__Your task__: Give back only the lines in the records below from the one with "Аренда / Квартиры, Зеленодольск, Фрунзе" to the one with "芙蓉古镇在哪里?成都市温江区永宁镇（唯一建在瀑布上的古镇）", both inclusive, word for word.

__Input__:
····················

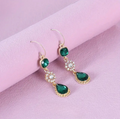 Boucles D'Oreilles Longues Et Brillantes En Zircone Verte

····················

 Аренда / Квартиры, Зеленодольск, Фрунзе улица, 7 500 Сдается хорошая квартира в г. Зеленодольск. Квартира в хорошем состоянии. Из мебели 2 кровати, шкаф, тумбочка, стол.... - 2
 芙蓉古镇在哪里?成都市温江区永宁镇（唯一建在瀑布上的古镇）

····················

__Answer to the exercise__:
 Аренда / Квартиры, Зеленодольск, Фрунзе улица, 7 500 Сдается хорошая квартира в г. Зеленодольск. Квартира в хорошем состоянии. Из мебели 2 кровати, шкаф, тумбочка, стол.... - 2
 芙蓉古镇在哪里?成都市温江区永宁镇（唯一建在瀑布上的古镇）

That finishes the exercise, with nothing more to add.